**What you will do:** From the listing below, set down exactly each line beginning with the one containing "Blue Kingman Turquoise Pendant" and ending with the last.

**Records provided:**
+-------+

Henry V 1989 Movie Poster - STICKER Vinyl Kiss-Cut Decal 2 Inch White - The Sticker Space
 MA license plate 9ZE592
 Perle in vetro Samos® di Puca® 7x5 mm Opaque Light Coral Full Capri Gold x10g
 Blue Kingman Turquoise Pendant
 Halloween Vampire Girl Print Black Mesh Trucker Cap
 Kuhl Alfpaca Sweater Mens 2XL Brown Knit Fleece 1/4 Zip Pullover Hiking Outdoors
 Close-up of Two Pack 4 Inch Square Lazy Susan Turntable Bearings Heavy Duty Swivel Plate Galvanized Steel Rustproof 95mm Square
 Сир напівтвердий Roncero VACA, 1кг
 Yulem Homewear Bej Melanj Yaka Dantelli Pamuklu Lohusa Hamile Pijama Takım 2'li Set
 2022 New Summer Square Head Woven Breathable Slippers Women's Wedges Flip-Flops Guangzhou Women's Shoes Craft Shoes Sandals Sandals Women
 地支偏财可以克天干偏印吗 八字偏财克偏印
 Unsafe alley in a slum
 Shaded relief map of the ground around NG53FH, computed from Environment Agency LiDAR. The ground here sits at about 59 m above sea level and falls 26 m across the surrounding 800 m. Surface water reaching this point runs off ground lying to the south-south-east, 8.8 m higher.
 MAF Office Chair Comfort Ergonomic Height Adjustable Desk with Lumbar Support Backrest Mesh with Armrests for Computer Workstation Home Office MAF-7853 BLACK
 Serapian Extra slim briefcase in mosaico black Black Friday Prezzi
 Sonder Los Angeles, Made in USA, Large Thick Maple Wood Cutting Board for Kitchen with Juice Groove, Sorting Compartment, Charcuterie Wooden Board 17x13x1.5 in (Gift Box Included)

+-------+

**Written response:**
 Blue Kingman Turquoise Pendant
 Halloween Vampire Girl Print Black Mesh Trucker Cap
 Kuhl Alfpaca Sweater Mens 2XL Brown Knit Fleece 1/4 Zip Pullover Hiking Outdoors
 Close-up of Two Pack 4 Inch Square Lazy Susan Turntable Bearings Heavy Duty Swivel Plate Galvanized Steel Rustproof 95mm Square
 Сир напівтвердий Roncero VACA, 1кг
 Yulem Homewear Bej Melanj Yaka Dantelli Pamuklu Lohusa Hamile Pijama Takım 2'li Set
 2022 New Summer Square Head Woven Breathable Slippers Women's Wedges Flip-Flops Guangzhou Women's Shoes Craft Shoes Sandals Sandals Women
 地支偏财可以克天干偏印吗 八字偏财克偏印
 Unsafe alley in a slum
 Shaded relief map of the ground around NG53FH, computed from Environment Agency LiDAR. The ground here sits at about 59 m above sea level and falls 26 m across the surrounding 800 m. Surface water reaching this point runs off ground lying to the south-south-east, 8.8 m higher.
 MAF Office Chair Comfort Ergonomic Height Adjustable Desk with Lumbar Support Backrest Mesh with Armrests for Computer Workstation Home Office MAF-7853 BLACK
 Serapian Extra slim briefcase in mosaico black Black Friday Prezzi
 Sonder Los Angeles, Made in USA, Large Thick Maple Wood Cutting Board for Kitchen with Juice Groove, Sorting Compartment, Charcuterie Wooden Board 17x13x1.5 in (Gift Box Included)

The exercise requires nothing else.